Установление нового темпорального режима в эпоху Просвещения сопровождалось экономизацией времени. Параллельно с этим возник и новый стиль жизни, превративший время как в ценный экономический ресурс, так и в фактор самоформирования личности. В пору раннего капитализма время не только конвертируется в деньги – оно становится средством личного душеспасения, зависящего от бережного обращения со временем. Протестантский этос рачительного отношения к дефицитному времени связан, начиная с XVII века, с усиливающимся субъективным восприятием быстротечности жизни. В секуляризованном мире подобное настроение сохранилось, изменилась лишь сфера его проявления – от религиозной к социальной. «Применительно к социальному статусу акторов эффективное использование времени и дефицит времени становятся двумя свидетельствами значительности человека, знаками его принадлежности к элите»[259]
.Конкретизируем и здесь феномен ускорения в новом восприятии времени на литературных примерах из различных исторических эпох. В романе Гёте «Избирательное сродство» (1809) заходит разговор об ускорении времени еще до изобретения железных дорог и самолетов. Поэтому актуальное восприятие ускорения проявляется в отношении не к техническим новшествам, а к стремительному устареванию накопленного знания. В соответствующем эпизоде романа его персонажи просят своего гостя, капитана, объяснить слово «сродство», вошедшее в название книги. Тот начинает свое объяснение примечательным извинением:
– Постараюсь, – ответил капитан, к которому обратилась Шарлотта, – разумеется, по мере моих сил и так, как меня этому учили десять лет назад и как я вычитал из книг. По-прежнему ли думают на этот счет в ученом мире, соответствует ли это учениям, судить не берусь.
– Все-таки очень плохо, – сказал Эдуард, – что теперь ничему нельзя научиться на всю жизнь.
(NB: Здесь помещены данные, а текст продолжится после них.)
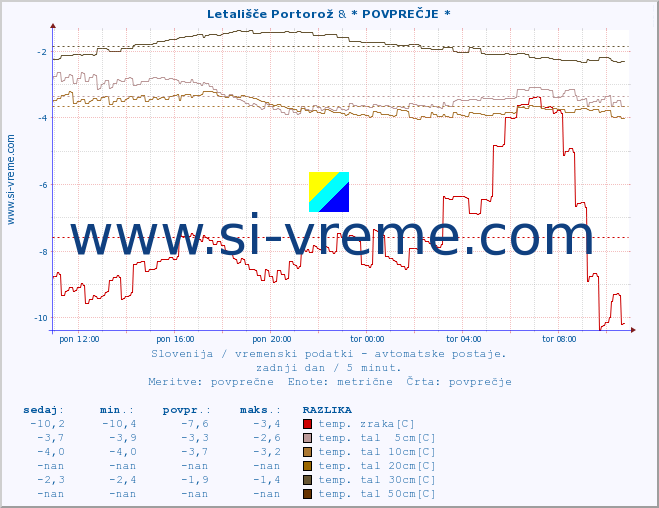 POVPREČJE :: Letališče Portorož & * POVPREČJE * :: temp. zraka | vlaga | smer vetra | hitrost vetra | sunki vetra | tlak | padavine | sonce | temp. tal  5cm | temp. tal 10cm | temp. tal 20cm | temp. tal 30cm | temp. tal 50cm :: zadnji dan / 5 minut.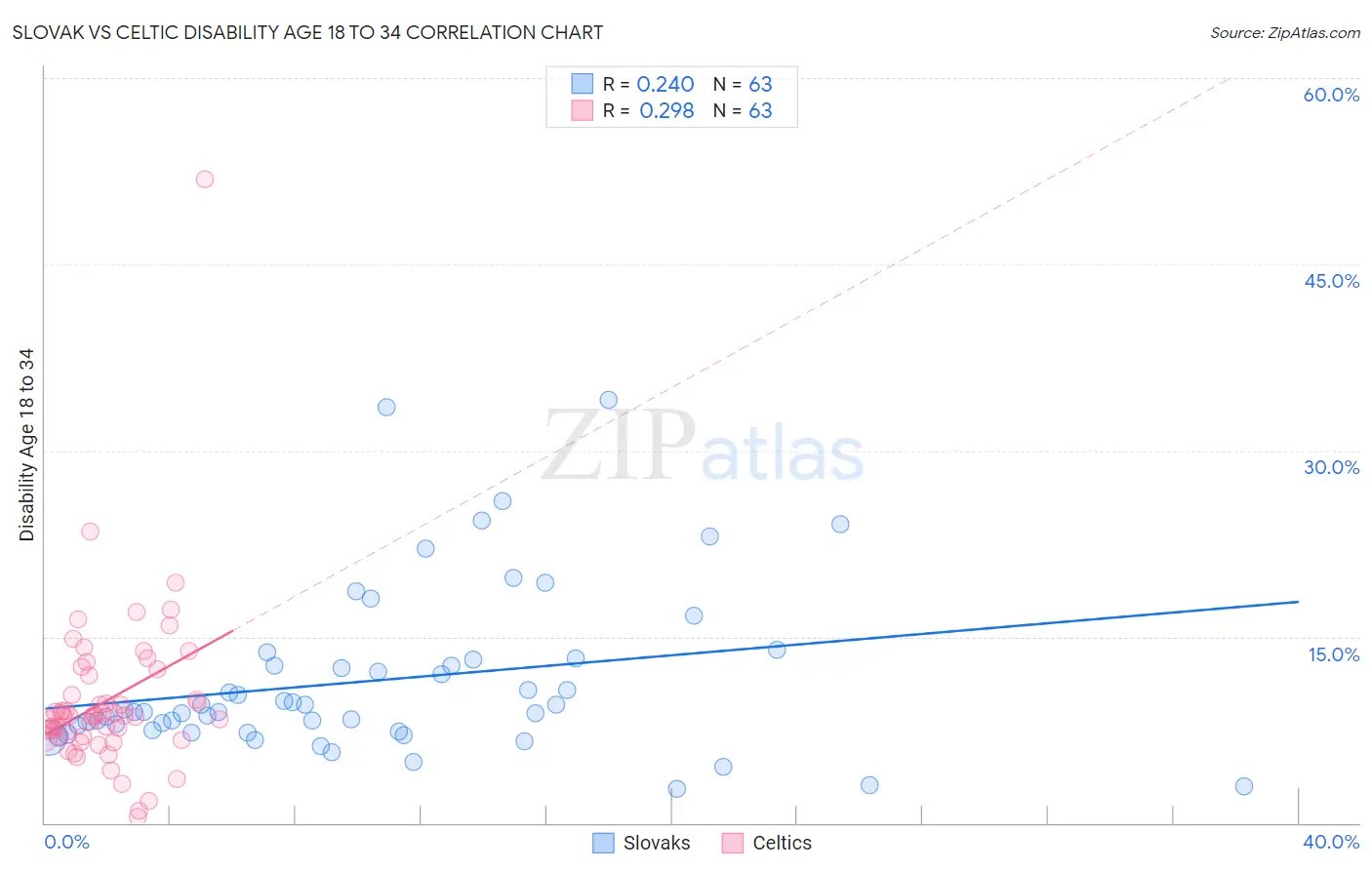 Slovak vs Celtic Disability Age 18 to 34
Наши предки придерживались знаний, полученных в юности; нам же приходится переучиваться каждые пять лет, если мы не хотим вовсе отстать от моды[260]
.Почти одновременно с публикацией романа Гёте был открыт Берлинский университет (1810). Реформа прусской системы образования, осуществленная по замыслу Вильгельма фон Гумбольдта, коренным образом модернизировала производство знания. Это подразумевало его перевод на научную основу, а также дифференциацию и специализацию знания, все более удалявшегося от обиходных представлений. Приведенный пример из романа Гёте заостряет внимание на актуальных переменах, происходивших в сфере знания. Если капитан, отвечая на заданный вопрос, несколько смущенно ссылается на давность приобретенных им знаний и называет десятилетний срок, то Эдуард уже сокращает цикл актуальности знания вдвое. Очевидно, ускорение обнаруживает тенденцию к еще большему ускорению. Если раньше учились «на всю жизнь», то теперь, опасается Эдуард, придется «переучиваться каждые пять лет», что представляется ему не положительной образовательной программой, а кошмаром. Поэтому ускоренное обесценивание знаний Эдуард сравнивает с кратковременной конъюнктурой моды[261]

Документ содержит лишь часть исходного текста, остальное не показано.